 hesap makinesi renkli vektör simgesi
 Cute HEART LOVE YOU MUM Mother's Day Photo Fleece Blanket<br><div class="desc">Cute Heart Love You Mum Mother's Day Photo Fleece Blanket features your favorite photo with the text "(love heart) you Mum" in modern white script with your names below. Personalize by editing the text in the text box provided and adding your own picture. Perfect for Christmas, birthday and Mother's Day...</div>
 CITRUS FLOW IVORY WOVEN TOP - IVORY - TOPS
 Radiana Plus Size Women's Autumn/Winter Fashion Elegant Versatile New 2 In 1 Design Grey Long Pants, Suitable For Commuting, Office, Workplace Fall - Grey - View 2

#####

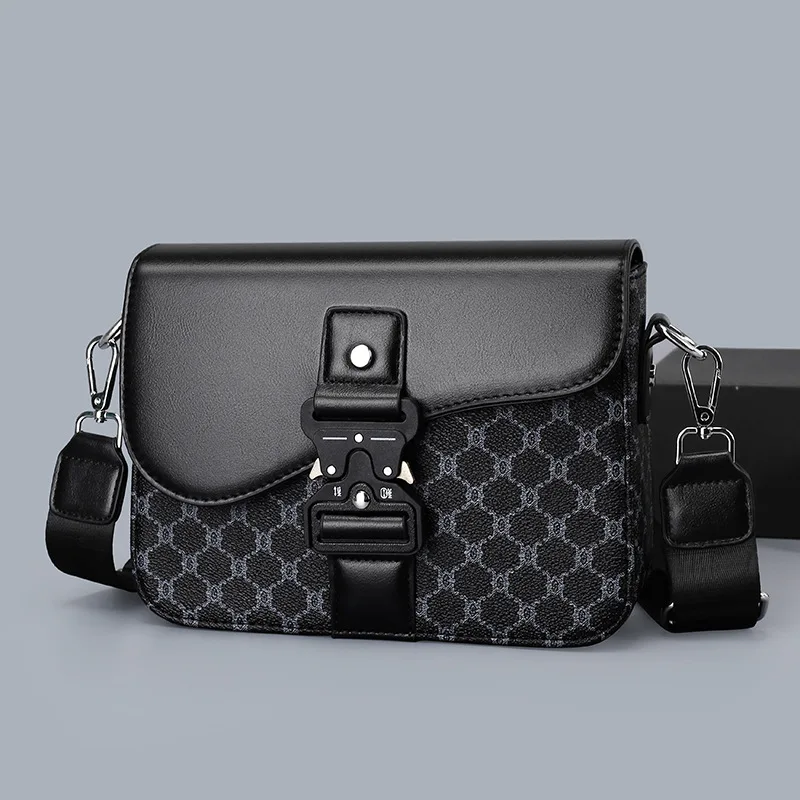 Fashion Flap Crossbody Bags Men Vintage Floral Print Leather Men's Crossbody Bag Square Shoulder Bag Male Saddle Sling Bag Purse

#####

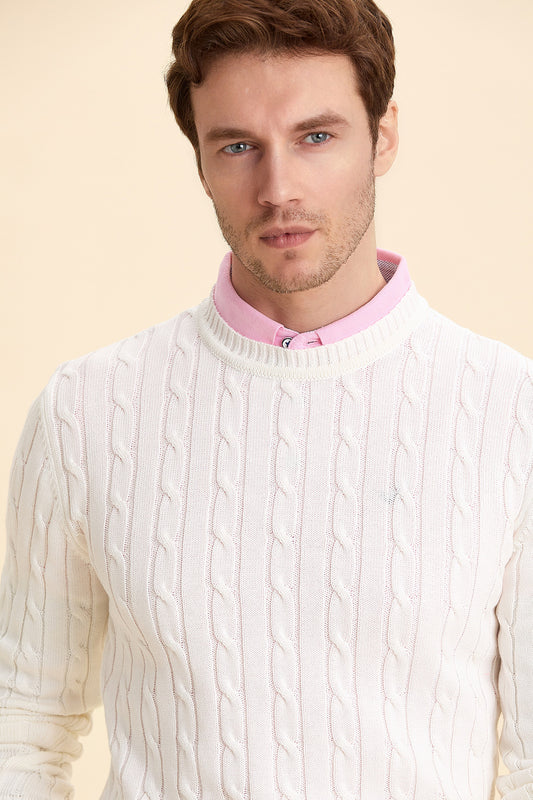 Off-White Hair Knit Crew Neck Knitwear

#####

- _Requirement_
What are the lines, exactly as written above, from the line with "hesap makinesi renkli vektör simgesi" to the line with "Radiana Plus Size", both included? Output only those.

- _Response area_
 hesap makinesi renkli vektör simgesi
 Cute HEART LOVE YOU MUM Mother's Day Photo Fleece Blanket<br><div class="desc">Cute Heart Love You Mum Mother's Day Photo Fleece Blanket features your favorite photo with the text "(love heart) you Mum" in modern white script with your names below. Personalize by editing the text in the text box provided and adding your own picture. Perfect for Christmas, birthday and Mother's Day...</div>
 CITRUS FLOW IVORY WOVEN TOP - IVORY - TOPS
 Radiana Plus Size Women's Autumn/Winter Fashion Elegant Versatile New 2 In 1 Design Grey Long Pants, Suitable For Commuting, Office, Workplace Fall - Grey - View 2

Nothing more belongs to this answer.